[Task goal]:
Starting from the line that contains "build an ai", output every remaining line of the records below exactly as it appears, that line and the last one included.

[Stored data]:
-=-=-

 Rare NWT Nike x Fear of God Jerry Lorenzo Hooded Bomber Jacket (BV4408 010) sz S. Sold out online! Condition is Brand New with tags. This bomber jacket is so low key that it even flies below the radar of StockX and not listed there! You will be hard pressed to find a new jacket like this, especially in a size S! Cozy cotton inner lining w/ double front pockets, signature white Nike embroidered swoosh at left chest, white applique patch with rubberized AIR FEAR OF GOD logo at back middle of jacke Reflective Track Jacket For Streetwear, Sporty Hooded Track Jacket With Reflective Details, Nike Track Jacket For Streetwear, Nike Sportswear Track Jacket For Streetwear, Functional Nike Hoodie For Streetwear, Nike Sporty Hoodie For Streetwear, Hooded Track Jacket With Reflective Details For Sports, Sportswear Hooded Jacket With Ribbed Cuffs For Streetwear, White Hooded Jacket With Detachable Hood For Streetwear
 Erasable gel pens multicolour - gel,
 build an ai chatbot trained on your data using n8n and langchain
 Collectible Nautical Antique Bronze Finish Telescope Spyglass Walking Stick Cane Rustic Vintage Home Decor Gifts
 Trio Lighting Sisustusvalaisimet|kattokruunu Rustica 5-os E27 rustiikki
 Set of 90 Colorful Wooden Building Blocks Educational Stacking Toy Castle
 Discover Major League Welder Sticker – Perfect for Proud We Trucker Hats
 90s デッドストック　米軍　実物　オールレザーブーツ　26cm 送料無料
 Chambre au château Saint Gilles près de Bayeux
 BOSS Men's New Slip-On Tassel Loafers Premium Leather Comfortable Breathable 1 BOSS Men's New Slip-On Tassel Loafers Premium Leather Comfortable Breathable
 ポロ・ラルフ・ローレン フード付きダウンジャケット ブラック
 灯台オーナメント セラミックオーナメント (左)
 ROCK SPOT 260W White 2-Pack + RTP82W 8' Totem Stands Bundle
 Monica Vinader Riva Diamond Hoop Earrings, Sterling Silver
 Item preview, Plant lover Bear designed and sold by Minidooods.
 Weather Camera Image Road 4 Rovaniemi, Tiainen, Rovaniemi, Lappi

-=-=-

[Solution for this exercise]:
 build an ai chatbot trained on your data using n8n and langchain
 Collectible Nautical Antique Bronze Finish Telescope Spyglass Walking Stick Cane Rustic Vintage Home Decor Gifts
 Trio Lighting Sisustusvalaisimet|kattokruunu Rustica 5-os E27 rustiikki
 Set of 90 Colorful Wooden Building Blocks Educational Stacking Toy Castle
 Discover Major League Welder Sticker – Perfect for Proud We Trucker Hats
 90s デッドストック　米軍　実物　オールレザーブーツ　26cm 送料無料
 Chambre au château Saint Gilles près de Bayeux
 BOSS Men's New Slip-On Tassel Loafers Premium Leather Comfortable Breathable 1 BOSS Men's New Slip-On Tassel Loafers Premium Leather Comfortable Breathable
 ポロ・ラルフ・ローレン フード付きダウンジャケット ブラック
 灯台オーナメント セラミックオーナメント (左)
 ROCK SPOT 260W White 2-Pack + RTP82W 8' Totem Stands Bundle
 Monica Vinader Riva Diamond Hoop Earrings, Sterling Silver
 Item preview, Plant lover Bear designed and sold by Minidooods.
 Weather Camera Image Road 4 Rovaniemi, Tiainen, Rovaniemi, Lappi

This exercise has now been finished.